Mary was found to be pregnant through the work of the Holy Spirit. Luke gives
additional details of this stupendous miracle. The wonderful delicacy of both narratives
gives historic reality, so utterly different to the impure legends of heathen mythology.
The apocryphal gospels clearly show that they could produce nothing similar. Their
inventions are nothing if not distressing. Dr. A. Plummer correctly assesses the situation
when he says, "if the two Evangelists had sought material in legends of pagan or Jewish
origin we should have had something very different from the narratives which have been
the joy and the inspiration of Christendom through countless generations . . . . . nothing in
the early Christian literature warrants us in believing that a writer of the first or second
century could have imagined such things and described them thus".

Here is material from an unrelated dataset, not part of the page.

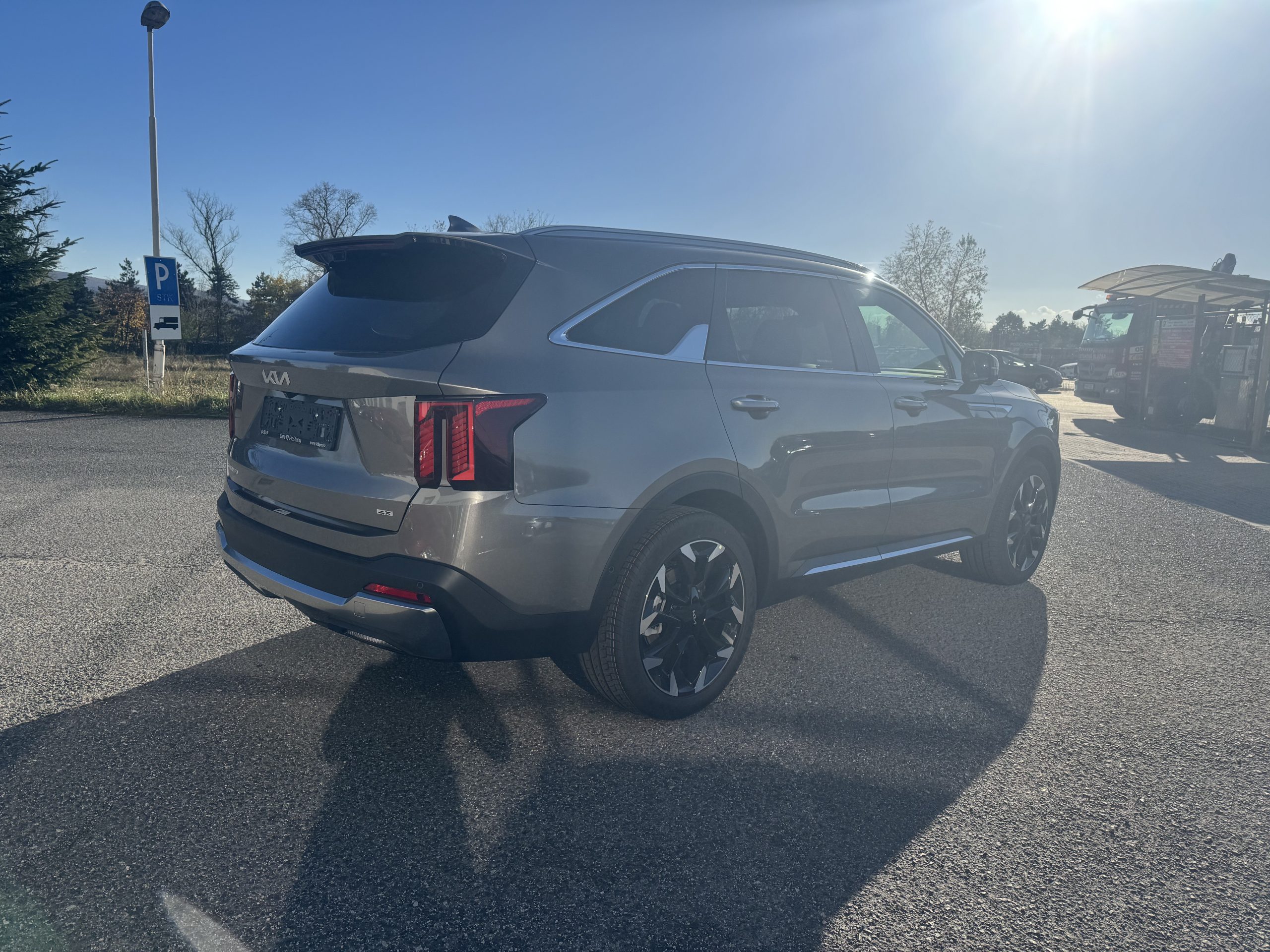 Sorento 2.2 CRDi Platinum+Panor.str.okno+Digital pack 14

Dr. A. T. Robertson's words are also to the point here:
"Both Matthew and Luke present the birth of Jesus as not according to ordinary
human birth. Jesus had no human father . . . . . We see here God, sending His Son into
the world to be the world's Saviour, and He gave Him a human mother, but not a human
father, so that Jesus Christ is both Son of God and Son of Man, the God Man . . . . . One
credits these most wonderful of all birth narratives according as he believes in the love
and power of almighty God to do what He wills."
The Lord Jesus was born in the flesh, but not of the flesh.
It is quite amazing to read the different reactions of theologians to the virgin birth.
Some openly reject it and others say it is not important and that redemption does not
depend on it. The blindness here is nothing less than appalling, for it can be stated most
definitely that redemption would have been impossible without it. It was absolutely
necessary for Christ to be sinless if He was to be the Saviour of sinners. Had He any sins
of His own, He would have needed a Saviour Himself. One sinner cannot save another
sinner (Psa. 49: 6, 7). The Holy One, the Lord Jesus alone could be the ransom for
sinners (Matt. 20: 28; I Tim. 2: 6) and pay the price for their deliverance and salvation.